== Short descriptive text snippets ==
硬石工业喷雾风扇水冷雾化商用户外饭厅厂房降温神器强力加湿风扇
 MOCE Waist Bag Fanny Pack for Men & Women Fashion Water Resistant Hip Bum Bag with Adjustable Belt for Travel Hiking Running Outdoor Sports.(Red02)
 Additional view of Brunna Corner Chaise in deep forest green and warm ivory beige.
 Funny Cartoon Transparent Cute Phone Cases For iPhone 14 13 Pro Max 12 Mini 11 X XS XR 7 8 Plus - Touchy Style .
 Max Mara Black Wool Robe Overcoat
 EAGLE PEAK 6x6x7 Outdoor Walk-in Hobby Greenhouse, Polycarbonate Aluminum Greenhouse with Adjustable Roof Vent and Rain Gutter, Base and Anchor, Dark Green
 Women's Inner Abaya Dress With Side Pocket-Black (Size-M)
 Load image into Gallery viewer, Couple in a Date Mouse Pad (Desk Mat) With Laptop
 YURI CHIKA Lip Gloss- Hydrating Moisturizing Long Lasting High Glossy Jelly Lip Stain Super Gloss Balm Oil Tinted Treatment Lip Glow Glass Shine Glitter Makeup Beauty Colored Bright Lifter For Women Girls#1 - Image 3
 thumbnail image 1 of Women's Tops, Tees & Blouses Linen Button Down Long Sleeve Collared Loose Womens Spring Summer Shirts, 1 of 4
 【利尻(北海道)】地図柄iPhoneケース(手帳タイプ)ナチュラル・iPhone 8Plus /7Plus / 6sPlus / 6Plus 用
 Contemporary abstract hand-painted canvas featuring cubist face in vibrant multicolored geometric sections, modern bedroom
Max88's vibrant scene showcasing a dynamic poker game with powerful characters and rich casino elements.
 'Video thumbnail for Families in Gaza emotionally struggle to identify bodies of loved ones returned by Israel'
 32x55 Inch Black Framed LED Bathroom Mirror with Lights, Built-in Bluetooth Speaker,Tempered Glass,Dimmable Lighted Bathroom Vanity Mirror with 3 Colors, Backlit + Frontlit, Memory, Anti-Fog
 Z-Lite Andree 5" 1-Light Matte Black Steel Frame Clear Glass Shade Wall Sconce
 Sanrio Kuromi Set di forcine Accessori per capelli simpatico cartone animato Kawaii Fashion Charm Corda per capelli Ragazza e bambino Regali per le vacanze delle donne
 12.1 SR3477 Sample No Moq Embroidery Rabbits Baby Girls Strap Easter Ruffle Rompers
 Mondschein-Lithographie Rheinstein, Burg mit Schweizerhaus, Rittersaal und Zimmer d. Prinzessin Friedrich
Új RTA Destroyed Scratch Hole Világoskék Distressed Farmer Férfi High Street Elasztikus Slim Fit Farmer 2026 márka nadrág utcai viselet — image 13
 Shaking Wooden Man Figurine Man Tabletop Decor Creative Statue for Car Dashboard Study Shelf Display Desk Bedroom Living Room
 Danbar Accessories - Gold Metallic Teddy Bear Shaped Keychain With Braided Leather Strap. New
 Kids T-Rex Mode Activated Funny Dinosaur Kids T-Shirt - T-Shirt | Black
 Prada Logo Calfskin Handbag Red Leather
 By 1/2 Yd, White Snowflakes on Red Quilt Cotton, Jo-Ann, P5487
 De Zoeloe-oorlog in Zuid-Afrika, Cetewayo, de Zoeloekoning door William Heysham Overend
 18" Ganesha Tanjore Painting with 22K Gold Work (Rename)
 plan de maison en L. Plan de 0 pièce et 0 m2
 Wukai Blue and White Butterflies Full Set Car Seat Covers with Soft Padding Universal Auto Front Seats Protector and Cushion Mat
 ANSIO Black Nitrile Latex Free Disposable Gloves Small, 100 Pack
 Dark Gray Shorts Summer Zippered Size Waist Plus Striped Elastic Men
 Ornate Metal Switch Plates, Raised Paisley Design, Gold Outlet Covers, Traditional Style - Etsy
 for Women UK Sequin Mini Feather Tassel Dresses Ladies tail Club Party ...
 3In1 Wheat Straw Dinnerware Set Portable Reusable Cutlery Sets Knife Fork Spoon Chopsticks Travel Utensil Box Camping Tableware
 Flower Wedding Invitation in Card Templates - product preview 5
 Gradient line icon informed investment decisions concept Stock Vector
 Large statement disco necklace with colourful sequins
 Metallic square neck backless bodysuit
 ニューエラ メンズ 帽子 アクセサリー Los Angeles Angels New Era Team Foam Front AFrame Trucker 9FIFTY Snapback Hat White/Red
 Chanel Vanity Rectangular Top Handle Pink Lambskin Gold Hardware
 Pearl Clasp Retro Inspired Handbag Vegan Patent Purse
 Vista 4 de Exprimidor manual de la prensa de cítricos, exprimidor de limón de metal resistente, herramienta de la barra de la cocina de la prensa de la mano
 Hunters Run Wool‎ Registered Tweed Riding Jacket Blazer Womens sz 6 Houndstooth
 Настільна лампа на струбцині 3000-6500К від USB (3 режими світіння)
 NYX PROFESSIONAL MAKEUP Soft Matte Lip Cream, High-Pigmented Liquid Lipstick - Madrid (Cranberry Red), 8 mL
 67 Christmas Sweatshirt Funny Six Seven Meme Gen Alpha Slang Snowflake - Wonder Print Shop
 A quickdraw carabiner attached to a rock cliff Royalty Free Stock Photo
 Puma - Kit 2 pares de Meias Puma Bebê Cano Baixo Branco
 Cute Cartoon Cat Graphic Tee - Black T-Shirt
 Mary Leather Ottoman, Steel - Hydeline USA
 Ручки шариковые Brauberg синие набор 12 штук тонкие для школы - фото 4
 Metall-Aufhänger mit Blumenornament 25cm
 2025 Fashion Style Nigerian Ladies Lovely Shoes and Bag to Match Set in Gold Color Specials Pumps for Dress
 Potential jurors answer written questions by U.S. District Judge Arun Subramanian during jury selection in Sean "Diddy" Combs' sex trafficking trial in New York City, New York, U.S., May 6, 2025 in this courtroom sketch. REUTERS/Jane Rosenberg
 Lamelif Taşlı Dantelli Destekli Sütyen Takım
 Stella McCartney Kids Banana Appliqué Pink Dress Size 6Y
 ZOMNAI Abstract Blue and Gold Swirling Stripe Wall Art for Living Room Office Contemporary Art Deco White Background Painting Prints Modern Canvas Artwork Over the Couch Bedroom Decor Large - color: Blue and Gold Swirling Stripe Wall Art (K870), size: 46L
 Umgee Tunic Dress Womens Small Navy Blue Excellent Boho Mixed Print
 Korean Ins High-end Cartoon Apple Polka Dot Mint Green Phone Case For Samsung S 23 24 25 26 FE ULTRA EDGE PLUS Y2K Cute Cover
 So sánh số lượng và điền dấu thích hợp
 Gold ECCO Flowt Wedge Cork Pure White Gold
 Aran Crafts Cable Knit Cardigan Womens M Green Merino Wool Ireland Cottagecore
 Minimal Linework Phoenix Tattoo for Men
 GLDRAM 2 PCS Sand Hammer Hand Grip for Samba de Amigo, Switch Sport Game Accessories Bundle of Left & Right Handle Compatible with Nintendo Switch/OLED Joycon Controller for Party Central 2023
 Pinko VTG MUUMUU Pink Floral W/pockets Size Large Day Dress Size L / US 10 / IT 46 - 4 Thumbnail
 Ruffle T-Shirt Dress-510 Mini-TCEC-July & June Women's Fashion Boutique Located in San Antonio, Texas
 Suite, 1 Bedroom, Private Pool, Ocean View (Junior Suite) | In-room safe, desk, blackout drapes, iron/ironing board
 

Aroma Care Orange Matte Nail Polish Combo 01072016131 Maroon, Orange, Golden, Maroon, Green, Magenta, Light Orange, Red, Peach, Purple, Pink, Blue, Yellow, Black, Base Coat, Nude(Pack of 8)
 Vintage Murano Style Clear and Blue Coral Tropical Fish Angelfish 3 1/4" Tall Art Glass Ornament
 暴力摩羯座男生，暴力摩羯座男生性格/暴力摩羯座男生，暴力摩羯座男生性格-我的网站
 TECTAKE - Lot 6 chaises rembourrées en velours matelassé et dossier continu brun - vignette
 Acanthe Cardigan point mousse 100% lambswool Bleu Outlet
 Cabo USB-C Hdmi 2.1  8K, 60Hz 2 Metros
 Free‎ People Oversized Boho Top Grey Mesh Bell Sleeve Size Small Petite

== What to do ==
Transcribe each line of the data above, unaltered, from the one where "Flower Wedding Invitation" appears to the one where "ニューエラ メンズ 帽子" appears, inclusive of both.

== Task solution ==
 Flower Wedding Invitation in Card Templates - product preview 5
 Gradient line icon informed investment decisions concept Stock Vector
 Large statement disco necklace with colourful sequins
 Metallic square neck backless bodysuit
 ニューエラ メンズ 帽子 アクセサリー Los Angeles Angels New Era Team Foam Front AFrame Trucker 9FIFTY Snapback Hat White/Red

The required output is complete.